◆ Exercise objective ◆
Starting at the line where "Michigan9000's cam snapshot" occurs, reproduce each line through the end of the entries below exactly. Omit every picture.

◆ Exercise inputs ◆
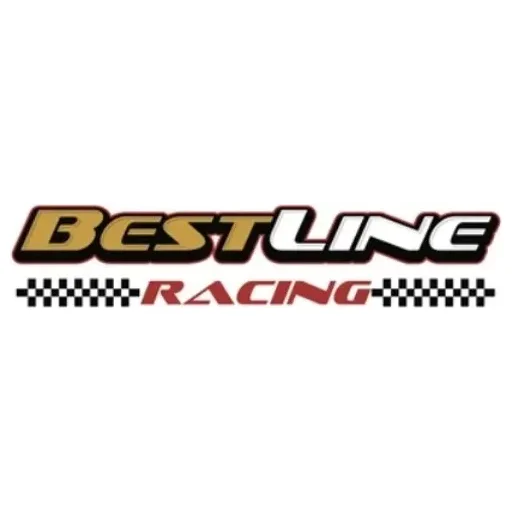 Best Line Racing brand logo for bestlineracing.com
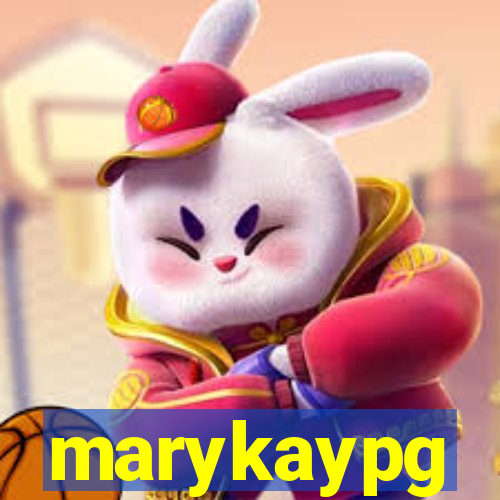 marykaypg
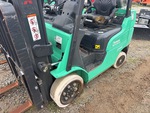 Chassis with Frame Condition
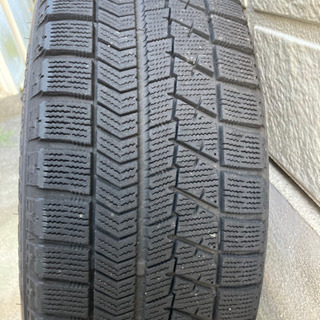 【ネット決済】スタッドレスタイヤ　185/60R15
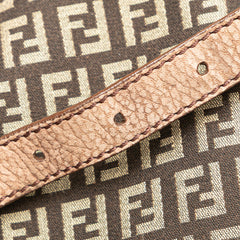 Zucchino Canvas Sweety Crossbody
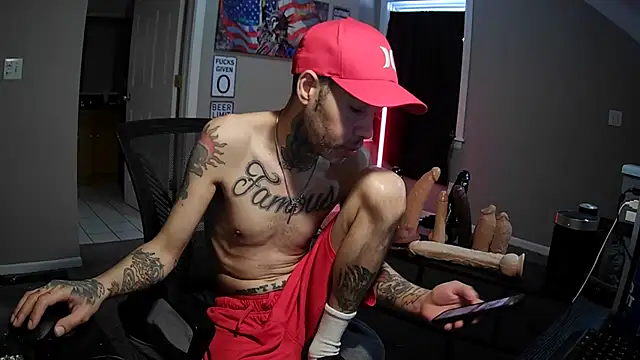 Michigan9000's cam snapshot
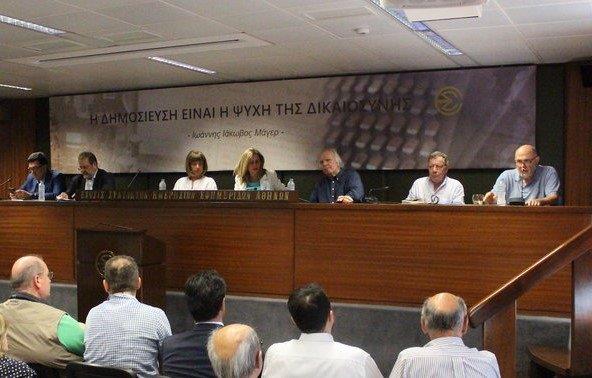 «Οι έξι θάνατοι του Τζορτζ Πολκ»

◆ Task result ◆
 Michigan9000's cam snapshot
 «Οι έξι θάνατοι του Τζορτζ Πολκ»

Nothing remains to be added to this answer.